Institutional Investors Eye 'Third Cities' As Migration Continues To Shift
Tertiary markets are gaining in appeal.
Institutional investors are increasingly eyeing so-called “third cities” — tertiary markets across the US with populations between 100,000 to 200,000 residents and within several hours from a major hub — as regions for major potential upside as changing migration patterns continue to disrupt how Americans live, work and play.

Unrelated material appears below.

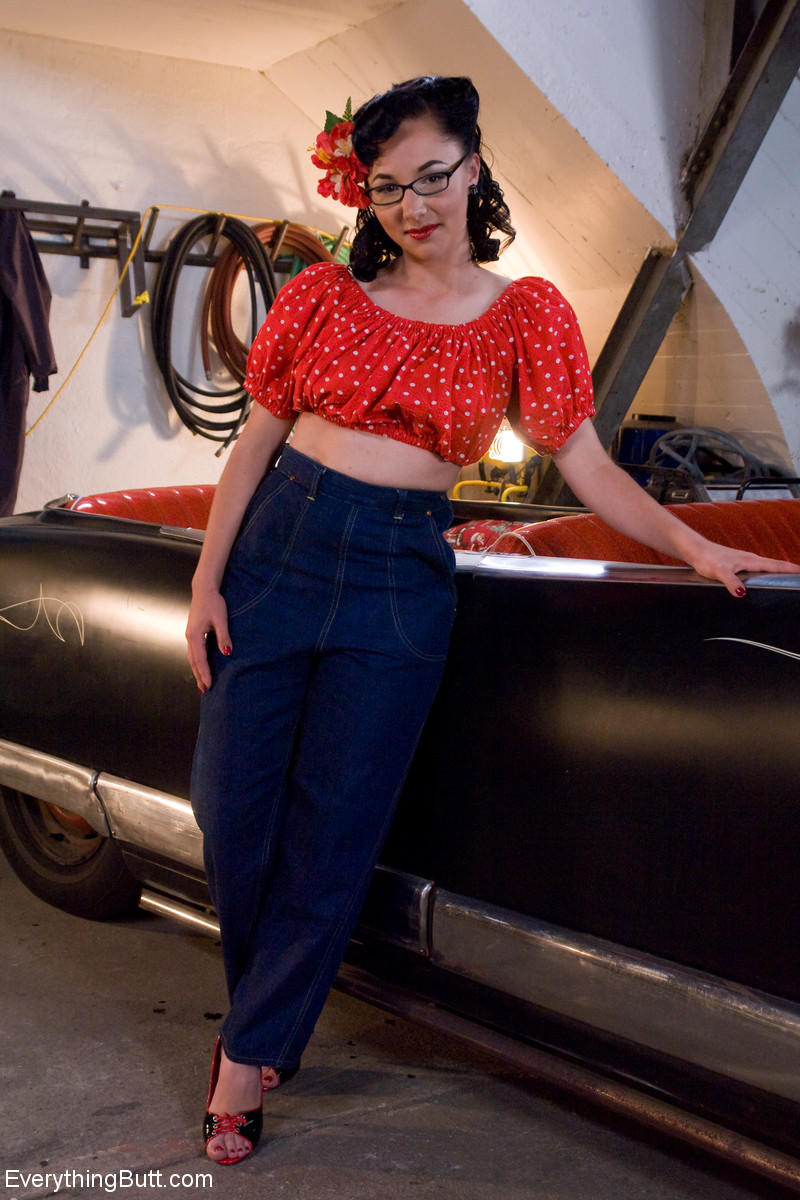 كل شيء ما عدا المؤخرة: ماجي ميهيم وأوتو في معرض شرجي ساخن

A new report from Graceada Partners says these third city markets, or TCMs, “are paving the way for a more geographically diffused economy,” noting increasing momentum toward certain TCMs and away from certain primary and secondary markets, especially in the Heartland, the Southwest (the Cactus Belt), and portions of the Pacific Northwest and Mountain West (Western Interior). The Graceada study examined more than 65 TCMs across the US and compiled a list of the top 20 based on criteria such as renter value, rent growth potential, and purchase value collected using CoStar, as well as quality of life measurement using AARP data and population growth analysis using Census data.

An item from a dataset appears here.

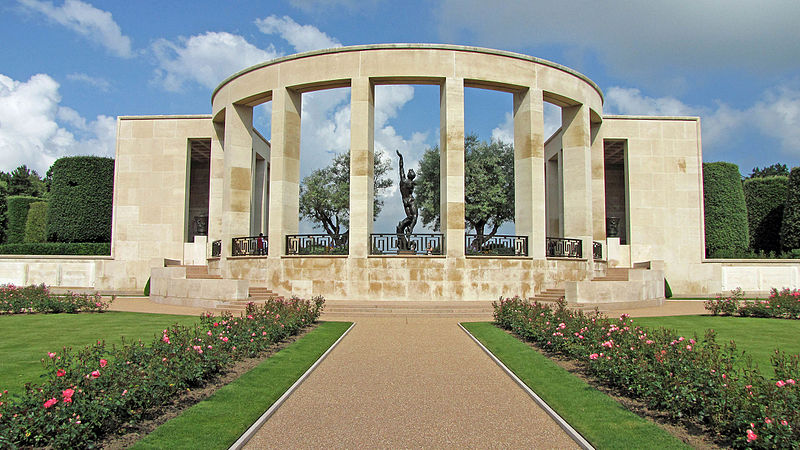 Fichier:Cimetière américain de Colleville-sur-Mer (1).jpg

The top 10 TCMs, according to the firm’s analysis, are Cheyenne; Rapid City, SD; Redding, Calif.; Columbia, Mo.; Lake Havasu City, Ariz.; Idaho Falls; LaCrosse, Wisc.; Pueblo, Colo.; Bakersfield, Calif. (South); and Yakima, Wash.
Following the top 10 cities are Yuma, Ariz.; Bloomington, Ill.; Las Cruces, NM; Norman, Okla.; McMinnville, Ore.; Topeka; El Centro, Calif.; Yuba City, Calif. (North); and Kalamazoo.
“Modern migration taking place in the US is centered on affordability and perceived quality of life,” the report notes. “People are looking for cities with relatively lower rent or mortgage payments where they can cultivate a better work/life balance. For some, that means moving out of primary and even secondary markets into tertiary ones.”
The firm expects the “gravitational pull” of TCMs to increase over the long-term, in a phenomenon reminiscent of the success of fast- growing larger markets like Atlanta, Salt Lake City, and Austin.
“TCMs will find themselves seeing spillover from primary and secondary markets, creating accelerated prosperity and population growth in top TCMs with a higher quality of life,” the report predicts. And that has big implications for investors who may have not considered those markets just a few years ago.
“Our analysis reveals three major regions of the U.S. that hold many of the top 20 TCMs,” the report states. “These regions are the Heartland, the Cactus Belt, and the Western Interior. Colloquially, these regions typically fall into the Midwest, Southwest, and the Western U.S., respectively. TCMs in these regions appear to be well positioned to grow and attract more residents, potentially more than other American regions like New England or the Deep South. While primary markets will continue to thrive, these emerging third city markets could become more competitive in their respective regions.”